Hi I am quite new to ZeroGPU, thanks for any help in advance!
I am trying to utilize ZeroGPU, but it oddly keep moving my pipeline to CPU. When I manually specify pipeline.model.to('cuda')
, the function returns a bunch of assertion error like this one: indexSelectLargeIndex: block: [30,0,0], thread: [32,0,0] Assertion
srcIndex < srcSelectDimSize failed.
I have properly set the decloartor @spaces.GPU
like this
@spaces.GPU(duration=20)
def __call__(self, *args):
"""Performs masked language modeling prediction.
This method should be called only after the `load` method has been executed
to ensure that the model and pipeline are properly initialized. It accepts
arguments to pass to the Hugging Face fill-mask pipeline.
Args:
*args: Variable length argument list to pass to the pipeline.
Returns:
The output of the fill-mask pipeline.
Raises:
BrokenPipeError: If the model has not been loaded before calling this method.
"""
if self.pipeline is None:
msg = "Model was not initialized, have you run load()?"
raise BrokenPipeError(msg)
self.logger.info(f"Called with arguments {args = }")
self.logger.info(f"Model: {self.pipeline.model.device = }")
self.pipeline.model.to('cuda')
pipe_out, = self.pipeline(*args)
pipe_out = pipe_out['generated_text']
self.logger.info(f"Generated text: {pipe_out}")
# remove repeated lines by hard coding
mo = re.search("\. (questionable|anterio|zius)", pipe_out)
if mo is not None:
end_sig = mo.start()
pipe_out = pipe_out[:end_sig + 1]
self.logger.info(f"Displayed text: {pipe_out}")
return pipe_out
This function works as expected on my local machine.

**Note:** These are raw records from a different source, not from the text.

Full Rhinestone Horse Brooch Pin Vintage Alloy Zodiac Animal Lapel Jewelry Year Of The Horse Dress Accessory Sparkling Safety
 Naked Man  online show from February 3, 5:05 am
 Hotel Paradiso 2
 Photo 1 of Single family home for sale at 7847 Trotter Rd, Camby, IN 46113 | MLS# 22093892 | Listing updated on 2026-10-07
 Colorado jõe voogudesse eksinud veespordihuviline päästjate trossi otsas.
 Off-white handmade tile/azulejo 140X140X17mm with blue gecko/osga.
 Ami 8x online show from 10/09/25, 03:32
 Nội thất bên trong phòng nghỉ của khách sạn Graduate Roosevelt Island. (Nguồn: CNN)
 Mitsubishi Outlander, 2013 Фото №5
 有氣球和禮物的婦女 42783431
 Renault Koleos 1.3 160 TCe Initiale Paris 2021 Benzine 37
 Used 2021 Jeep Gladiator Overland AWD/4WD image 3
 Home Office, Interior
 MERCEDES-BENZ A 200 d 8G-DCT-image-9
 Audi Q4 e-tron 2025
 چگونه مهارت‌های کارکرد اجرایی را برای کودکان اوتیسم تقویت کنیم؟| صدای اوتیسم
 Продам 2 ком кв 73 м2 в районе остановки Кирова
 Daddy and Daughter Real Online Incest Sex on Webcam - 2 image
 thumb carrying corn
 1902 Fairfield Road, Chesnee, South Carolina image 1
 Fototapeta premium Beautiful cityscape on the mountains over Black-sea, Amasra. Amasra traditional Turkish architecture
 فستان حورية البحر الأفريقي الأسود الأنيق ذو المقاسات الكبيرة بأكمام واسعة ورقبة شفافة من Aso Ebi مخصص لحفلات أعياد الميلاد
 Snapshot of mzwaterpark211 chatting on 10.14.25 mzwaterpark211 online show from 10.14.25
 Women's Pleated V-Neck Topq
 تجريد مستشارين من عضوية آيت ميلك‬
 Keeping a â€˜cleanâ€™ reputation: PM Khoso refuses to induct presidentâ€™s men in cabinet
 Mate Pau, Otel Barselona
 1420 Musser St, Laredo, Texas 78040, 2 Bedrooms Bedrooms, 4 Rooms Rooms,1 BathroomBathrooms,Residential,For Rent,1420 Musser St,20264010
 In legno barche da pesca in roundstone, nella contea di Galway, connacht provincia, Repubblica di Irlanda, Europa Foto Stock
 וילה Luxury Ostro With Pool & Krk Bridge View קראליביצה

The pipeline was created like this in a class method that’s called during gradio
build:
self.pipeline = hf_pipeline("text2text-generation",
model=self.model,
tokenizer=self.tokenizer,
device='cuda',
num_beams=4,
do_sample=True,
top_k = 5,
temperature=.95,
early_stopping=True,
no_repeat_ngram_size=5,
max_new_tokens=60)
self.pipeline.model.to('cuda') # I specify this to make sure it's in cuda
I am scratching my head hard now.